TASK ITEM:
From the records below, transcribe only the lines running from the one with "Cartier Ronde Louis" through the one with "Cassettiera in legno, ottone". Keep both of those end lines.

· · · ·

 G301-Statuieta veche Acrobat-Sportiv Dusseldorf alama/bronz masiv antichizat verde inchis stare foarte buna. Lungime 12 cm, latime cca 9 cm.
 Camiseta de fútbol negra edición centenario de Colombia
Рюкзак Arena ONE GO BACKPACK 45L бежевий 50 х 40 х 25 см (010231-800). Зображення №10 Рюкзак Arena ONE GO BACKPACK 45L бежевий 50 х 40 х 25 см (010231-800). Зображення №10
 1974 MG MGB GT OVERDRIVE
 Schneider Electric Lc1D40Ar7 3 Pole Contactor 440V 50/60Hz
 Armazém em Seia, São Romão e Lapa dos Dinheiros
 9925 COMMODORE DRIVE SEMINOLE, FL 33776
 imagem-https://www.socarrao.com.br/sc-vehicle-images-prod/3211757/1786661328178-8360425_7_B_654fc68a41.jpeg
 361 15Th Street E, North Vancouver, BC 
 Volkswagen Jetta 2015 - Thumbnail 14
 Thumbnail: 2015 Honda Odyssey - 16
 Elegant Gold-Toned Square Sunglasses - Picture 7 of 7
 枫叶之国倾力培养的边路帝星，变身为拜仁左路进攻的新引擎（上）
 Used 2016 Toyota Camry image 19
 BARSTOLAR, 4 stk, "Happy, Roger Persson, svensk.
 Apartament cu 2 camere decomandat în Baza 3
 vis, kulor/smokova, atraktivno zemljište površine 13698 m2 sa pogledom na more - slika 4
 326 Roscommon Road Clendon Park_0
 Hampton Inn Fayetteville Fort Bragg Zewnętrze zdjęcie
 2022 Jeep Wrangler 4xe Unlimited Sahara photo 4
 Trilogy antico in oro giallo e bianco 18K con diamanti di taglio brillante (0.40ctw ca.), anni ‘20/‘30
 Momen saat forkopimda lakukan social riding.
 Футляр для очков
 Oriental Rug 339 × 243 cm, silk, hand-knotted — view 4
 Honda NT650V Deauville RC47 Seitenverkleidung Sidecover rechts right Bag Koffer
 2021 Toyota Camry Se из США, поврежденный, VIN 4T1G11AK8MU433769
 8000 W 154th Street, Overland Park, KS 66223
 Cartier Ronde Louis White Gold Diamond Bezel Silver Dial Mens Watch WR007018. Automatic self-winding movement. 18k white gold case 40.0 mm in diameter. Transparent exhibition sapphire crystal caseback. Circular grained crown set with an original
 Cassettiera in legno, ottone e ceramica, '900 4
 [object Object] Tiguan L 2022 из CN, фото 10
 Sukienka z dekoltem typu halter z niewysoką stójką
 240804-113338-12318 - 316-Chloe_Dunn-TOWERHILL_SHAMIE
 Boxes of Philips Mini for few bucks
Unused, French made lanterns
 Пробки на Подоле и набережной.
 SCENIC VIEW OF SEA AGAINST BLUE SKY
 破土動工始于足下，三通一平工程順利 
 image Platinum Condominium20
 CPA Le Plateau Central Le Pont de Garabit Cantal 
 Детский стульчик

· · · ·

RESPONSE TO THIS TASK:
 Cartier Ronde Louis White Gold Diamond Bezel Silver Dial Mens Watch WR007018. Automatic self-winding movement. 18k white gold case 40.0 mm in diameter. Transparent exhibition sapphire crystal caseback. Circular grained crown set with an original
 Cassettiera in legno, ottone e ceramica, '900 4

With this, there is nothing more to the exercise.